[Task data Boundary: Start]
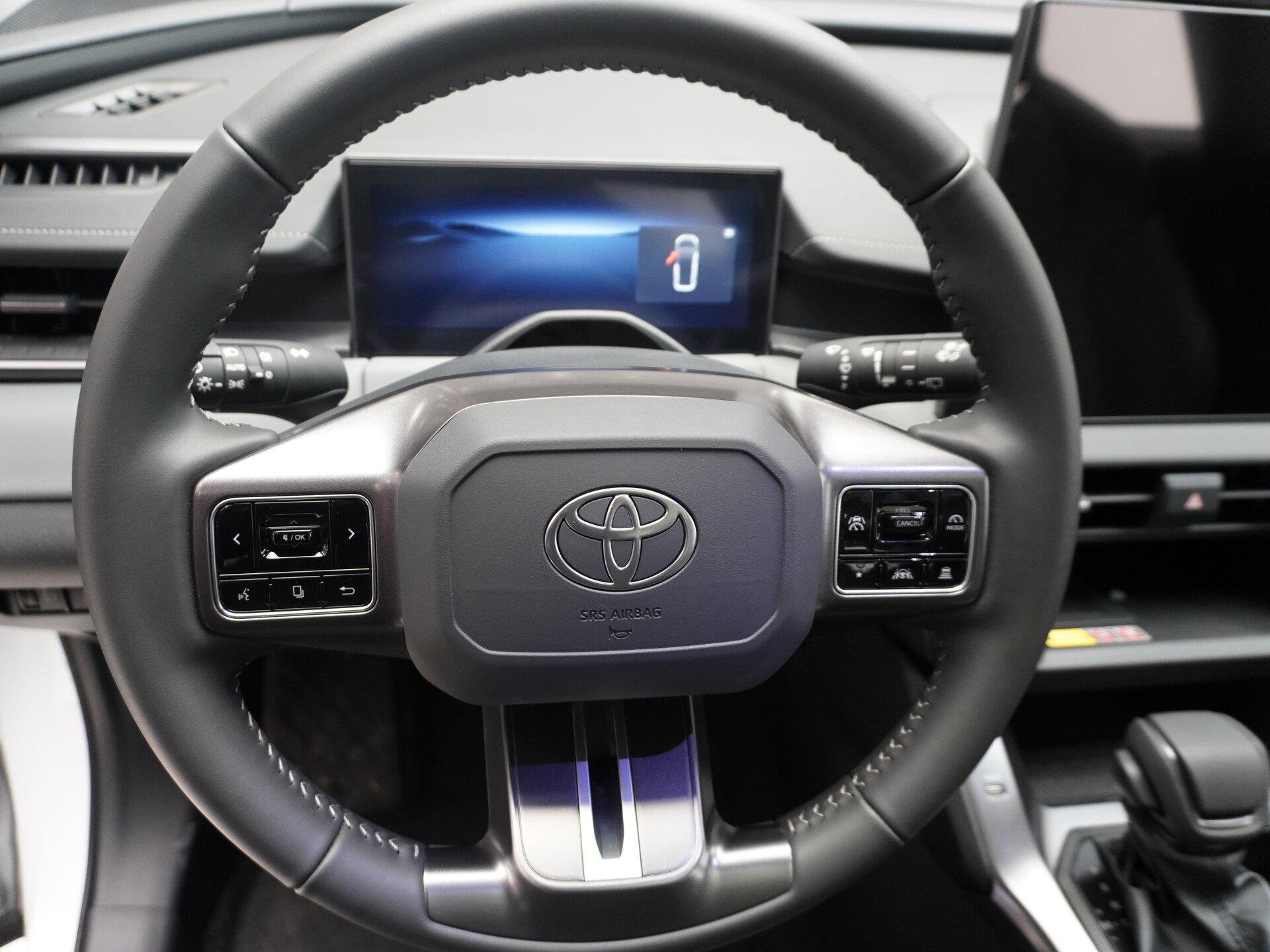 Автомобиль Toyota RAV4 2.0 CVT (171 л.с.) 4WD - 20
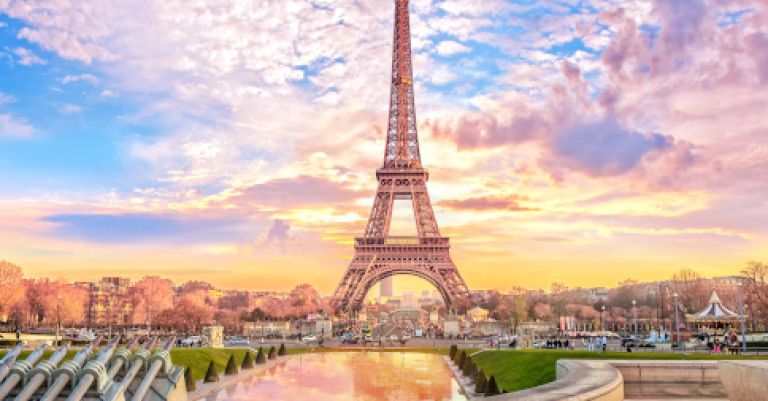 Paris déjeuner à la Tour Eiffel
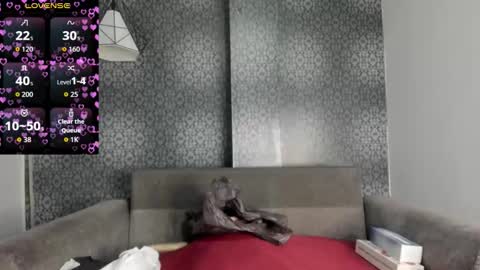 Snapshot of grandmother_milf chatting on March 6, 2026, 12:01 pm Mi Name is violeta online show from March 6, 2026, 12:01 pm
[Task data Boundary: End]
[Task data Boundary: Start]
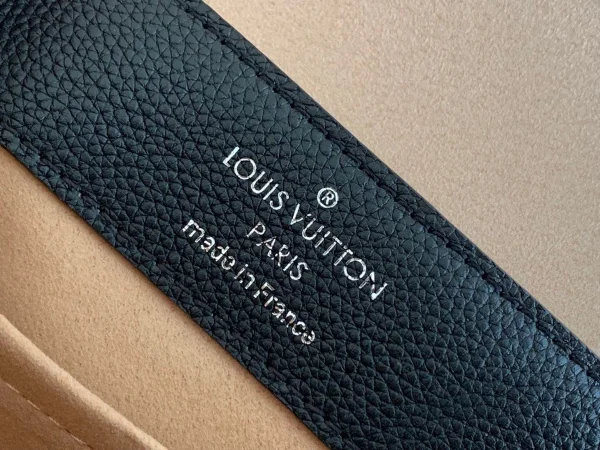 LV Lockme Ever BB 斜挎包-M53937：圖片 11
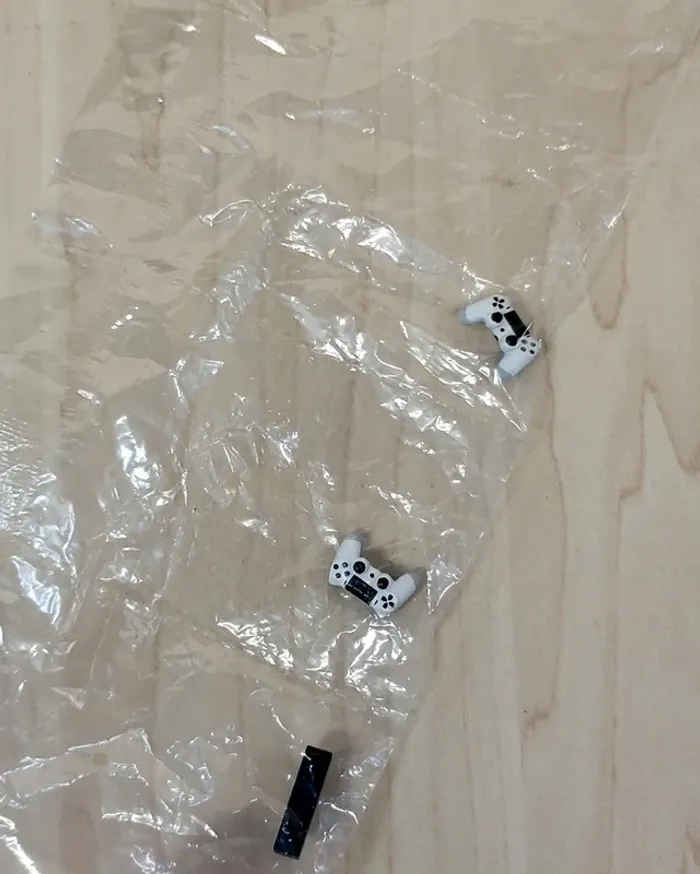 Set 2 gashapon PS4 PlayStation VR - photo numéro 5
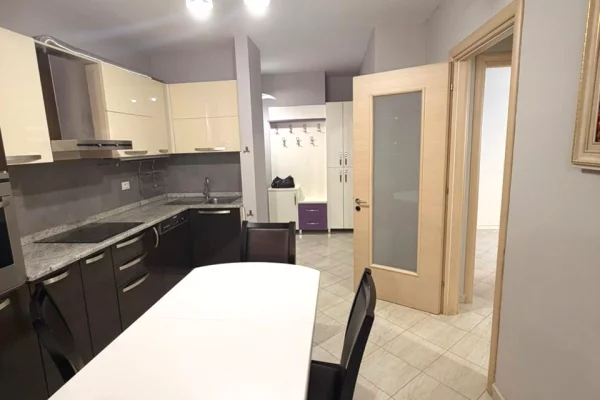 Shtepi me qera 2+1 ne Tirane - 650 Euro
[Task data Boundary: End]
**Directions**
Every line from the one with "Set 2 gashapon" through the one with "Shtepi me qera 2+1 ne Tirane - 650 Euro" is to be reproduced exactly as written above, and the pictures are to be dropped.

**Response box**
 Set 2 gashapon PS4 PlayStation VR - photo numéro 5
 Shtepi me qera 2+1 ne Tirane - 650 Euro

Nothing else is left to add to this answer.